Bei der Frage nach der kirchlichen Hierarchie des Mittelalters kommt man mit unseren heutigen Vorstellungen von Hierarchie nicht viel weiter. Als geradezu archetypische Institution des Mittelalters lässt sich die Kirche (wie annähernd vergleichbare Korporationen auch) nur sehr schwer in unser Bild einer relativ klaren Ordnung, von klaren Abgrenzungen von Kompetenzen, von Rechten, von Entscheidungsstrukturen einordnen. Wie alle mittelalterlichen Institutionen funktionierte die Kirche in einem bunten, uns gelegentlich chaotisch erscheinenden Mit-, Neben-, Unter- und Übereinander von Personen und Korporationen, die alle irgendwie die Interessen der Kirche vertraten und dabei miteinander und gegeneinander agierten, Kontakte knüpften und Feindschaften ausfochten, Machtspielchen und Intrigen nicht abgeneigt waren und dennoch in ihrer Gesamtheit irgendwie handlungsfähig waren. Auch die unvergleichliche Komplexität der Kirche und ihre nicht geringe Aufgabe in der Welt dürften dieses vielfältige Treiben nicht gerade gemildert haben.

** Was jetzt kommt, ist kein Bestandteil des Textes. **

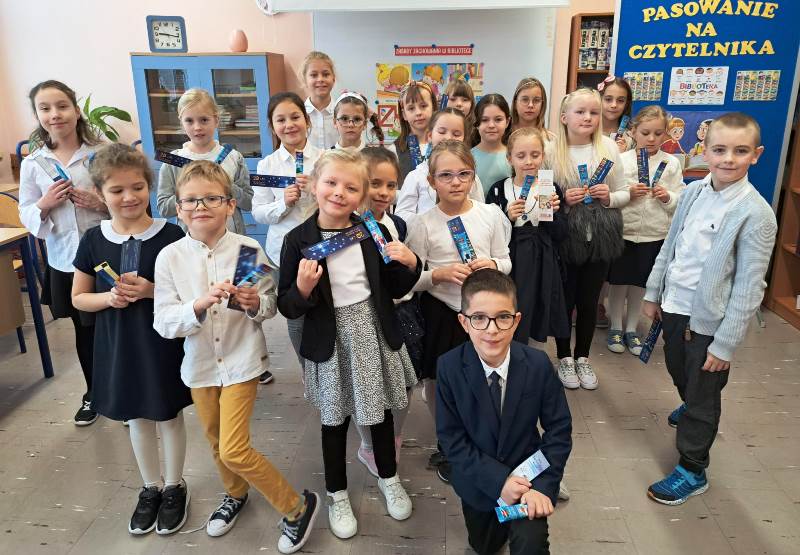 Uczestnicy wewnątrzszkolnego konkursu recytatorskiego Poeci - dzieciom, dzieci - poetom, cieszą się ze zdobytych nagród.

Eine allgemeingültige Hierarchie dieser mittelalterlichen Kirche (abgesehen von der ganz groben Schablone Papst oben, Bischöfe in der Mitte, Pfarrklerus unten) wird nicht aufzustellen sein.
Werfen wir doch einmal einen Blick auf ein paar Einzelbeispiele:
Der Papst stand als Kirchenvater an der Spitze der Kirchenhierarchie, als geistliches Oberhaupt der gesamten Christenheit (in eigenem Anspruch gerne auch als universelles Oberhaupt der gesamten Christenheit). So weit, so klar. Aber selbst diese einfache Aussage ist schon problematisch. Was ist mit den Schismen? Wer war da das tatsächliche Oberhaupt, dem die Loyalität zu schulden war? Und selbst wenn man die Schismen einmal außen vorlässt, dann gab es immer noch den Konziliarismus: Keineswegs dem Papst, sondern einer allgemeinen Kirchenversammlung kam die Leitung der Christenheit zu. Und von den Kardinälen, die den Papst zu wählen hatten, was eine gewisse Abhängigkeitssituation mit sich bringt, will ich gar nicht anfangen...
So geht es dann weiter: Bischöfe waren ihren Domkapiteln verpflichtet, ohne die sie kaum handlungsfähig waren. Zwar waren sie die personelle Spitze ihres Bistums, doch im Territorium selber waren es die Archidiakone (als Träger bischöflicher Gerichtsbarkeit), die zumeist das Sagen hatten. Adelige Patronatsherren oder traditionelle Exemptionsrechte verhinderten weiterhin einen Zugriff auf den einzelnen Pfarrklerus. Und wenn ein Bischof gar einmal mehrer Bistümer in seiner Hand vereinte, dann waren es schnell seine Amtsvertreter vor Ort, die sich flugs die Rechte des woanders weilenden Bischofs anmaßten.
Auch in den Orden sah es nicht anders aus. Zwar existierte der "Gehorsam" als eine der drei mönchischen Grundtugenden, aber der bezog sich rein rechtlich gesehen in erster Linie auf den Abt und niemand anderen. Außerhalb der Klostermauern waren Hierarchien wenig geregelt und die Feindschaften bestimmter Orden untereinander sprechen da sicherlich Bände. Nimmt man jetzt noch dazu, dass manche Klöster noch einmal eine übergeordnete Organisationsform (Kongregation) entwickelten, dann wird auch hier wieder der Rahmen einer simplen Hierarchie, eines einfachen Oben-Unten, gesprengt.
Kommen dann noch Legaten, Inquisitoren, städtischer und adeliger Klerus, Landeskirchenwesen, Eigenkirchenwesen, die Unterscheidung von Amtsgewalt und Titulargewalt und all die tausend anderen Formen mittelalterlicher Kirchlichkeit dazu, dann wird das Gesamtsystem Kirche sehr schnell nahezu undurchschaubar.
Eine einfache Hierarchie lässt sich dazu einfach nicht aufstellen.
pinafore schrieb:
ergibt sich daraus nicht eine gefährliche Situation
Eine gefährliche Situation? Vielleicht. Eine typisch mittelalterliche Situation? Auf jeden Fall!
P.S.: Zur Prälatinnen-Frage: Der Begriff
praelatissa für Äbtissinen findet sich in offiziellen Schriftstücken der kirchlichen Administration. Einmalig war er daher keineswegs.